買えばきっと、違った世界が見えるんだろうな。

違った世界といえば、今日は帰りに、ツイッターノミクスを買って、電車の中で40ページほどを読んだ。今までとは違った世界が描かれている。日本には起こりえないかな。いや起こっているか。英語圏であれば十分考えられる。Twitter だけのことかと思って読むと違うので、Twitter 事例だけを知りたい人は、別の書籍を読んだほうがよさげ。ブログが出てきて1年くらいたってきたころといわれていたことが、現実としていま起こっている。これは肌感覚でも実感している。「ウッフィー」ってバスワードになるのかな。
翻訳がよく出来ている。
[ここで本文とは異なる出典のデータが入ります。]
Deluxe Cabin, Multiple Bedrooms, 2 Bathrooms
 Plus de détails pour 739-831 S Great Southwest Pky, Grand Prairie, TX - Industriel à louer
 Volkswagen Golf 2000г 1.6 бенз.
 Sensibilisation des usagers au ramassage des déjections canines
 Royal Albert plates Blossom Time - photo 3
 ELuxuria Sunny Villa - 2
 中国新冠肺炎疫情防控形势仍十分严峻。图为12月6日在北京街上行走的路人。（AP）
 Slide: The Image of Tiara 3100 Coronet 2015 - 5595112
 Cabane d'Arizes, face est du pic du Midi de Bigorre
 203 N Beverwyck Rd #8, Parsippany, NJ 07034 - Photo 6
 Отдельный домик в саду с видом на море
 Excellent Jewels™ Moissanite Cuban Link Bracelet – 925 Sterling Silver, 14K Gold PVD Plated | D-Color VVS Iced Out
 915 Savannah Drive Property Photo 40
REMIX と違い、読みやすい。おそらくは、原文でも読みやすいんだと思われる。津田さんの解説はまだ読んでない。金曜日に大阪に行くので、新幹線の中でゆっくりと読もう。

書籍企画の作り方

ボクがやっている書籍企画のうち、実用書企画を作る方法を書き出してみる。だいたい、次の3つくらいに集約される。

1)流行っている事象を追っかける
2)売れている書籍の亜流を考える
3)著者の話を聞く

知恵を絞って考えることもあるけど、なんか企画を作ろうと思って調べはじめ、知り得る情報をフラットに第三者的に判断し、一読者として書籍にして読みたいかどうかを判断したほうが、概ね売れる打率が上がる。
自分自身が思い入れがありすぎるものは、あまり売れる商品にはならない。自己反省も含め。編集者は、素直でピュアな心を持ち、さまざまなものに永遠の素人であり続けることが必要だと思っている。

1)流行っている事象を追っかける

基本姿勢として、情報感度をあげておく必要がある。編集者は、流行りものに抵抗がないほうがいい。新しいもの好きであることは、悪いことではない。ただし、時流に流されすぎるのは、あまりよくない。微妙なラインでオタクであることは必要である。
エッジのきいたものだと、書籍のような形態まで手をだす人はあんまりいない。専門書の場合、エッジが立っているもののほうがニーズがある場合も、もちろんある。ロングテール商品になっているものは、このパターンも多い。イノベーター商品を扱った書籍に多くみられる。
流行っている事象が、マーケ用語でいうアーリーアダプタからアーリーマジョリティあたり、キャズムを超えるか超えないあたりが、いちばん書籍にすると売れているように思う。その見極めがきちんとできていれば、それほど大外ししない書籍を生み出すことができる。

2)売れている書籍の亜流を考える

よくあるのが、このパターン。ボクがよくやるのは、まったく違うジャンルで売れているものを、自分のやっているジャンルに持ってくること。最近は、これも飽きてきた。同じジャンルでやると、失敗することも多い。気がついたときには、キャズムを超えていて、あわてて、売れはじめた書籍タイトルに似たものを作る。同じような書籍が店頭に並んでいるなぁと思うのは、大抵3冊くらいだから、その初期の3冊までに入ると、そこそこ売れる書籍が生み出せる。
3冊以上出てくると、書籍を買う人も馬鹿ではないので、内容も見られる。そのときに、必要十分な内容でない限り、売れる書籍を作るのは難しい。だからといって、内容がよければ売れるわけではないのが、このパターンである。
いかに初期の3冊までに入るか、そしてその評判が悪くないものが作れるかが、このパターンのキーになるような気がする。

3)著者の話を聞く

ある事象やムーブメントに敏感な人、一言いわずにはいられない人は、誰でも著者になりうる。そんな人の話は、普通に聞いていても楽しい。ただ話を聞いているだけでも面白いのに、まとまった形でどこにも存在していない。そんな場合は、普通に書籍にする。本当にできるかどうかは、置いておくとして。
最近では、そんな人自身も、ブログをやっていたりして、改めて書籍にしないでも、読み物として世の中に公表されている。じゃ、ブログでいいのでは?いうことになる。ここからが、編集者の腕の見せ所だと思っている(というかそうだと信じている。人によると思うし、自分の職業を肯定しているわけでもないが)。
必要なことは、書き手が伝えたいとどれだけ強く思っているか。書籍はやっぱり著者、コンテンツをもった人が大事。さまざまなものに精通した人というのは、いるにはいるが、何かに特化したものを持っている人のほうが、書籍を書くのに適した人物だと。ライターは別だけど。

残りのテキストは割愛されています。